When it comes to an blog (or any sort of content production and sale), I have a lot of experience.  For a lot of years, DaedTech was (and still is, I suppose) a journal blog, where I wrote about whatever struck my fancy.  When you’re overly generalized with something like this, you’ll find opportunities that present themselves, but they’ll be sort of random and disparate.  They won’t really seem to build on one another.

And if you’re an overly generalized free agent or worker, you’ll wind up in contracting situations that commonly resemble jobs.  You’ll find yourself responding to RFPs, interviewing, or diving to the bottom to undercut people with lower hourly rate.  These are the telltales of needing expertise and a narrower niche.

Keep Iterating as You Go

If you find yourself speaking to too wide an audience or pitching yourself as a commodity, you’ve already won most of the battle because you’ve recognized the problem.  You have eyeballs on you, which is a good thing.  Now you just need to distinguish yourself in those eyeballs and to narrow your focus to what’s in demand and what you do well.

There’s no easy, one-size-fits-all path to this, unfortunately.  If there were, I’d happily give it to you.

But what I can say is this.  Look at the work you’re doing, including what seems to work and what doesn’t.  Look for patterns and repeatable things that you can deliver and speak about.  What do people ask for advice about?  What do they consider you an expert in?  What do you deliver that makes people the happiest?

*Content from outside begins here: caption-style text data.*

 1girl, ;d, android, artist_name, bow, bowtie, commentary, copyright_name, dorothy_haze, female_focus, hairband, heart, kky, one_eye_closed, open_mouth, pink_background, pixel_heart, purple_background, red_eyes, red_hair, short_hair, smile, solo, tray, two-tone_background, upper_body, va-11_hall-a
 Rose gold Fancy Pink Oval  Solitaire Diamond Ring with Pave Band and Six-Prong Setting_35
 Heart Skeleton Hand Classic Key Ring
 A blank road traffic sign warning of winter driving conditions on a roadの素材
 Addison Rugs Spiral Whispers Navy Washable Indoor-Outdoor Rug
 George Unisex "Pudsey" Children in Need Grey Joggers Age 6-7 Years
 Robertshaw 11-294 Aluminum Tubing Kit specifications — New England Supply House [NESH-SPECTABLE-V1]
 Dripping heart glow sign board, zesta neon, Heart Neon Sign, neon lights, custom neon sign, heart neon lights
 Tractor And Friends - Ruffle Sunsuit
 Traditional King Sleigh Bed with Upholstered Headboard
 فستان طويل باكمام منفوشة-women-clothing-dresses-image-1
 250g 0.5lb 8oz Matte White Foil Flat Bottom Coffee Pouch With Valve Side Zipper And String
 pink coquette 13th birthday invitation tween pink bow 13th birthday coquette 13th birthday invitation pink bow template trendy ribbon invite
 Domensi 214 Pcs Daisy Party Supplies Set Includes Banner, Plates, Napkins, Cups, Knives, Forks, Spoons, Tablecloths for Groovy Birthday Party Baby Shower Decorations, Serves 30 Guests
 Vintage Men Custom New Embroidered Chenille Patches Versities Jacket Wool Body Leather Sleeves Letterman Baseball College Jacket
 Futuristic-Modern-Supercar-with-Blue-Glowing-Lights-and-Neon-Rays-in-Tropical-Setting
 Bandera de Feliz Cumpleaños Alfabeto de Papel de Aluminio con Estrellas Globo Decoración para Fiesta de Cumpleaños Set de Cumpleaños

Take note of those things and start zooming in on them.  Write and talk about them more.  Put them on your website as offerings.  Do consultations.  See how it goes, and if you gain traction, keep focusing on that niche.

The mistake that many people make is to assume that they’ll choose some narrow niche and it will remain “their thing” forever.  It won’t.  It will evolve and you will evolve.  The iterating doesn’t stop once you find a dedicated audience and success.  You’ll have to keep learning, tweaking, evaluating and refining in order to stay on top of your game.